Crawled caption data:
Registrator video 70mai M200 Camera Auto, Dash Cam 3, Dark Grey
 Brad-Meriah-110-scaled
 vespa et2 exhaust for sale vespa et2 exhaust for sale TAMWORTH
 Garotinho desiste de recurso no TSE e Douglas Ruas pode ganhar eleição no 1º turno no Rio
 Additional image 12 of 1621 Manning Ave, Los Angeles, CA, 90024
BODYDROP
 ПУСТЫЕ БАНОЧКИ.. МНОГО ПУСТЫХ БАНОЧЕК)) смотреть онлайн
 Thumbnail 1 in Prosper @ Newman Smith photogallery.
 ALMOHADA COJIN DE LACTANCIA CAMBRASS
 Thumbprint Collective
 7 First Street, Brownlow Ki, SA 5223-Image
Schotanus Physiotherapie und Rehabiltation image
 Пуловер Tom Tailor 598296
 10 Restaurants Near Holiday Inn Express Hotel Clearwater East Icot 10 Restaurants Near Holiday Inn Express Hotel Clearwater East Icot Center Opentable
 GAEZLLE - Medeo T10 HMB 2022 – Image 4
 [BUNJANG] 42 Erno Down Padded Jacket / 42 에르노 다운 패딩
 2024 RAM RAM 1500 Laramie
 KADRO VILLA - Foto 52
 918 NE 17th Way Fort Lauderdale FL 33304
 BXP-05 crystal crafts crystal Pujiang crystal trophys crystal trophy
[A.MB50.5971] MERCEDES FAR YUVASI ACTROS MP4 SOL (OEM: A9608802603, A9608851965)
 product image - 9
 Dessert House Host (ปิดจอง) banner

:: Work request ::
Starting at the line with "7 First Street, Brownlow Ki, SA 5223-Image", restate each line through the end of the records, both ends included, and stop there.

:: Problem solution ::
 7 First Street, Brownlow Ki, SA 5223-Image
Schotanus Physiotherapie und Rehabiltation image
 Пуловер Tom Tailor 598296
 10 Restaurants Near Holiday Inn Express Hotel Clearwater East Icot 10 Restaurants Near Holiday Inn Express Hotel Clearwater East Icot Center Opentable
 GAEZLLE - Medeo T10 HMB 2022 – Image 4
 [BUNJANG] 42 Erno Down Padded Jacket / 42 에르노 다운 패딩
 2024 RAM RAM 1500 Laramie
 KADRO VILLA - Foto 52
 918 NE 17th Way Fort Lauderdale FL 33304
 BXP-05 crystal crafts crystal Pujiang crystal trophys crystal trophy
[A.MB50.5971] MERCEDES FAR YUVASI ACTROS MP4 SOL (OEM: A9608802603, A9608851965)
 product image - 9
 Dessert House Host (ปิดจอง) banner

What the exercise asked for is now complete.